North Korea’s failed attempt to launch a mid-range ballistic missile Friday evening came just hours after Secretary of State Rex Tillerson convened a session of the United Nations Security council calling for member states to increase sanctions on Pyongyang.
The mid-range KN-17 ballistic missile was fired at around 5:30 a.m. Saturday local time from the northeast of Pyongyang, Bloomberg reports. This is the sixth test launch North Korea has conducted this year.
The missile broke up minutes after launch and flew as high as 44 miles in the air, the Wall Street Journal reports. The missile did not leave North Korean territory, according to a spokesman for Pacific Command. Officials believe that the missile is being tested to one day target ships.
President Trump was briefed shortly after the launch, according to a White House statement. The president took to twitter shortly after to express his disapproval.
Tensions in the region appear to be rising. On Thursday, in an interview with Fox News, Tillerson said that China has threatened Pyongyang with sanctions if they continue to conduct nuclear tests.
China’s foreign ministry has yet to confirm these remarks, although Beijing remains committed to employing sanctions imposed under U.N. Security Council resolutions.
Trump has also strained the relationship with U.S. ally, South Korea after claiming that he plans to fix the “horrible” bilateral trade deal between the two countries and that he would also make them pay $1 billion for the THAAD missile defense system.
Woo Taehee, South Korea’s vice trade minister, said the country was not notified of any trade renegotiation and that there had been “no pre-talks” with the U.S. regarding the five-year-old trade deal.

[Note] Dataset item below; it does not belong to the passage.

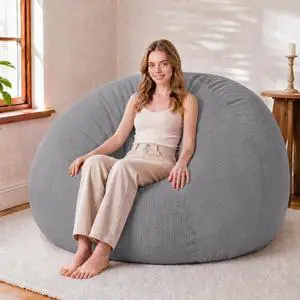 5FT Bean Bag Chair Teardrop Bean Bag Chairs for Adults beanbag with Memory Foam Filled with Dual-Tone Unique Combination Corduroy & Luxury Distressed Velvet Washable Cover,Velvet Dark Grey 5FT Bean Bag Chair Teardrop Bean Bag Chairs for Adults beanbag with Memory Foam Filled with Dual-Tone Unique Combination Corduroy & Luxury Distressed Velvet Washable Cover,Velvet Dark Grey
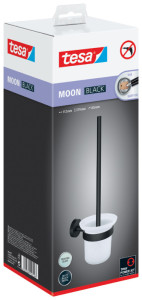 tesa Ensemble pour WC MOON BLACK, noir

Kim Jong Un has performed dozens of launches and conducted three nuclear tests since coming to power in 2011. In January, he claimed that Pyongyang was almost ready to test-fire an intercontinental ballistic missile that would threaten the U.S., Bloomberg reports.
Friday’s launch comes as several administration officials, including Vice President Mike Pence, urge that the era of "strategic patience" with North Korea is now over.